● **DIRECTIONS**: Look for the word "middle" in the entries and copy every line where it shows up.

● **TASK MATERIAL**:
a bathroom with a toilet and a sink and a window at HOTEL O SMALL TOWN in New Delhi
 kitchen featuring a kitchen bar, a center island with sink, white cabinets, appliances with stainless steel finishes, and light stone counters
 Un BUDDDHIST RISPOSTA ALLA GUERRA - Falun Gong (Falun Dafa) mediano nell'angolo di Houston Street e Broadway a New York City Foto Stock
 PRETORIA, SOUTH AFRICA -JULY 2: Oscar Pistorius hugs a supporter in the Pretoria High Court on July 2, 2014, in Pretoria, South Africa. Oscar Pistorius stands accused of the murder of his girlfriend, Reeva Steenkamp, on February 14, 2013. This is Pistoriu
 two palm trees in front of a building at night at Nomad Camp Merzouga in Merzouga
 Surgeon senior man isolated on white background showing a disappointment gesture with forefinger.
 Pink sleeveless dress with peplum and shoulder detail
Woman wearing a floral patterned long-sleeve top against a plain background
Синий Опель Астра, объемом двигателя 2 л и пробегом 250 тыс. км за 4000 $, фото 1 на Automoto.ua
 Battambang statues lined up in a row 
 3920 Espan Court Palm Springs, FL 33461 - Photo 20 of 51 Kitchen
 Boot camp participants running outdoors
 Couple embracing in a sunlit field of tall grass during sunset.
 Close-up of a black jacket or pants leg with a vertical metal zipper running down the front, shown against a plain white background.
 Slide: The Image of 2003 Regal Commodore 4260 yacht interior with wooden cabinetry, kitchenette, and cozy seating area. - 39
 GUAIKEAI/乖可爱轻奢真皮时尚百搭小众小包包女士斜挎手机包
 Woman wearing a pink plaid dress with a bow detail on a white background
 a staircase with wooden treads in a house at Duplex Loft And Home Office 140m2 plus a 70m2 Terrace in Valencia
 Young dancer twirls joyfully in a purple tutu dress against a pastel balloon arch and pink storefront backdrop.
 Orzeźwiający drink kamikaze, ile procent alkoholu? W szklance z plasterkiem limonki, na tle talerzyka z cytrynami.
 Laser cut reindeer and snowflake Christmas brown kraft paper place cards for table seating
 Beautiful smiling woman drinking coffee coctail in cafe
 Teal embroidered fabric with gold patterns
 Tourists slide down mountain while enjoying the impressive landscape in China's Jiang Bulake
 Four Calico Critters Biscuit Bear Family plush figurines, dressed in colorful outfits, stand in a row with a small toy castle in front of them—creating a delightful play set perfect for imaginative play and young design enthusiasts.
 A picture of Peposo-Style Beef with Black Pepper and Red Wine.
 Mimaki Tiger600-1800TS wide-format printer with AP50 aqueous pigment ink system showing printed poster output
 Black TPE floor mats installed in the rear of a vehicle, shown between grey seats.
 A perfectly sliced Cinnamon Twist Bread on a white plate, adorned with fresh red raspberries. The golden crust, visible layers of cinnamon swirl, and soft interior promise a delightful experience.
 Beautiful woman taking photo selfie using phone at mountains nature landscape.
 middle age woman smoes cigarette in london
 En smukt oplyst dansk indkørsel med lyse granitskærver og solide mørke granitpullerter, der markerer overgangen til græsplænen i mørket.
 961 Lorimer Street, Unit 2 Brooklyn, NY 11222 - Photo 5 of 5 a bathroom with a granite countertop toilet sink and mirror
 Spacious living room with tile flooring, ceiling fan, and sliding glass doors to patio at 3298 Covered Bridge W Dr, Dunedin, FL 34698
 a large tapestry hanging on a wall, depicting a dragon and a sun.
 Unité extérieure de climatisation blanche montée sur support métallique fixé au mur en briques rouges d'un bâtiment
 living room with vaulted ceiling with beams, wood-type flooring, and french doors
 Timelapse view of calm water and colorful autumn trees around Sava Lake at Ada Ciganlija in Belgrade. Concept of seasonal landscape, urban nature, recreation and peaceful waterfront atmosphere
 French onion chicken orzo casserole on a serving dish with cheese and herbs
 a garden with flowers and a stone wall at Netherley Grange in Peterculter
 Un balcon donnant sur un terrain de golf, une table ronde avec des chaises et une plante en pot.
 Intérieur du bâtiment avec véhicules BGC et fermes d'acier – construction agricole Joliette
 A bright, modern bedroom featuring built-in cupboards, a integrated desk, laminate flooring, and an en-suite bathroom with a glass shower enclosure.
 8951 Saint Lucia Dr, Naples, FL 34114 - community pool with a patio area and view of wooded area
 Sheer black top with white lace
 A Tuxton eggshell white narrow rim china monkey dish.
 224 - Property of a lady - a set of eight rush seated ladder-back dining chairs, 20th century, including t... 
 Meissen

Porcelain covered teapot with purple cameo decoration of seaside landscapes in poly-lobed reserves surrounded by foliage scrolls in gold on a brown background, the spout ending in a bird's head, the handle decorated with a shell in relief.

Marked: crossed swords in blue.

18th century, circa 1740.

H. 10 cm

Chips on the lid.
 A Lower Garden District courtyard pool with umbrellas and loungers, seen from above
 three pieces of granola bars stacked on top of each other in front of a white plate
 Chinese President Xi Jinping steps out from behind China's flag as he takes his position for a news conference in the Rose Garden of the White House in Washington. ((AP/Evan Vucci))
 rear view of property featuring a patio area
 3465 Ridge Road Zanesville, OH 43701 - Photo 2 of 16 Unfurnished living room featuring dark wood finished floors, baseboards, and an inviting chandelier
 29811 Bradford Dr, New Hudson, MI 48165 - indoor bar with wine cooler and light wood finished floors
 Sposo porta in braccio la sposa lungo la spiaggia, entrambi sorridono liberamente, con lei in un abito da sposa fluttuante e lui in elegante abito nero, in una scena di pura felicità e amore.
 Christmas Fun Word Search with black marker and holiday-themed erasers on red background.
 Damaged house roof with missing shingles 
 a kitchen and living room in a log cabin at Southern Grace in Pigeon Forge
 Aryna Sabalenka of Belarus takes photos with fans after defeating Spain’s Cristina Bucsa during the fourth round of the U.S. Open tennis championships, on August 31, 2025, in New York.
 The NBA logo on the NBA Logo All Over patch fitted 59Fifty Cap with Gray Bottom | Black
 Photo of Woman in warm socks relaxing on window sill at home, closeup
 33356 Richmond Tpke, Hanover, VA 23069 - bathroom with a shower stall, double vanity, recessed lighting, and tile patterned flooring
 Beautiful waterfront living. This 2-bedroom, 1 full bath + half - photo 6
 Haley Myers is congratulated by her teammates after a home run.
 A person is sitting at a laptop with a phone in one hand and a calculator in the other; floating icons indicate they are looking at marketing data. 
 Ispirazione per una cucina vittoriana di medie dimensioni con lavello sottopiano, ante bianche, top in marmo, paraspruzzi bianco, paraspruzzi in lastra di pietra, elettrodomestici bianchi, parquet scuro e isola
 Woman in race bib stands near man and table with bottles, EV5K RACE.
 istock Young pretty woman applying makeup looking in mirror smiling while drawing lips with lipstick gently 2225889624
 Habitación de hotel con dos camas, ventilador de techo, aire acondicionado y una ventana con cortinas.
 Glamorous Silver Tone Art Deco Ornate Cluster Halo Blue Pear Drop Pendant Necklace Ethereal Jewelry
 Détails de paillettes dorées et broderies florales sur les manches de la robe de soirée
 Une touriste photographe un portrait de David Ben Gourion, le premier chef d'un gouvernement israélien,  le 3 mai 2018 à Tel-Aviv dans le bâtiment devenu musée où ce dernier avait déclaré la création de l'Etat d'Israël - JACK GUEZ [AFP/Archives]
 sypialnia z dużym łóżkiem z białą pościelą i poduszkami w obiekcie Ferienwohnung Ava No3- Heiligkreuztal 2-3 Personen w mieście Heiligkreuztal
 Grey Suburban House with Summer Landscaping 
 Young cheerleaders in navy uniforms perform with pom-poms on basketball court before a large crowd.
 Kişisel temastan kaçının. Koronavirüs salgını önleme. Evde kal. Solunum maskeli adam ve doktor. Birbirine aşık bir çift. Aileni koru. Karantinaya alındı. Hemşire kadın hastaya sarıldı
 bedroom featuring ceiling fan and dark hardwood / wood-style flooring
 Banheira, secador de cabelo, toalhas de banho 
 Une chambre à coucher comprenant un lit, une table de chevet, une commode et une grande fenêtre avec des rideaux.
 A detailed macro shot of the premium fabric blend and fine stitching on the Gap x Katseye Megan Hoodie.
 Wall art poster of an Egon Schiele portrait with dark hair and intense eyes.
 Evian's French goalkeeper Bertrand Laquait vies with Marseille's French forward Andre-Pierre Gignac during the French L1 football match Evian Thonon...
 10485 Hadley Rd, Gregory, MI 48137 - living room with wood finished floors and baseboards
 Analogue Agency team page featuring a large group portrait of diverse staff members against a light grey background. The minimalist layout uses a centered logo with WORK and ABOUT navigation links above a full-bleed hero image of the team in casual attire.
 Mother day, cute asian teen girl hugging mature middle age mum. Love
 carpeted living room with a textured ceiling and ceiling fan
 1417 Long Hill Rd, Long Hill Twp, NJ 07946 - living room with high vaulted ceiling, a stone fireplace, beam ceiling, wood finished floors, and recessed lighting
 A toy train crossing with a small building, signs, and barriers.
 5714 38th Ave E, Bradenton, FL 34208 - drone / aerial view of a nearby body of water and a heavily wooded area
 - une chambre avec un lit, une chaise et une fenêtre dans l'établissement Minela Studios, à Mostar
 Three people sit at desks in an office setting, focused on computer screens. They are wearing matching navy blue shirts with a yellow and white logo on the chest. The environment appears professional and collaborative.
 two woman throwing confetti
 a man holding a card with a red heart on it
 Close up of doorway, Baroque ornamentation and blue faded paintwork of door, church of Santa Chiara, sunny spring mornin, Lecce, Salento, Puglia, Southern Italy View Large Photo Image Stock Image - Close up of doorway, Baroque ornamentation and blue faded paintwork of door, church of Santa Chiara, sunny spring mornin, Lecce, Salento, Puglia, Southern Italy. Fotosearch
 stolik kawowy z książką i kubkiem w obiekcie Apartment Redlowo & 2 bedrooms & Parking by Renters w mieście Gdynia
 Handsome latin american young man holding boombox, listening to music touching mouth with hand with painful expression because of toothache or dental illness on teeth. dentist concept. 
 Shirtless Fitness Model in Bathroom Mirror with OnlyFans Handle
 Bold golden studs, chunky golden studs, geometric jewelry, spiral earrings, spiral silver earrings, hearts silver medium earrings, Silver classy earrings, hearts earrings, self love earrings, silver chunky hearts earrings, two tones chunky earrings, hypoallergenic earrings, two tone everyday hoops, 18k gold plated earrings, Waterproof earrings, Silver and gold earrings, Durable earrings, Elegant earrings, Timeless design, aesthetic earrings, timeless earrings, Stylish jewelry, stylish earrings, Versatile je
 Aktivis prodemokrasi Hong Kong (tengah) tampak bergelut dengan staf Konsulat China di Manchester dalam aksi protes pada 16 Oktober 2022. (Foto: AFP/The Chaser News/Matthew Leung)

● **RESULT OF THE EXERCISE**:
 middle age woman smoes cigarette in london
 Mother day, cute asian teen girl hugging mature middle age mum. Love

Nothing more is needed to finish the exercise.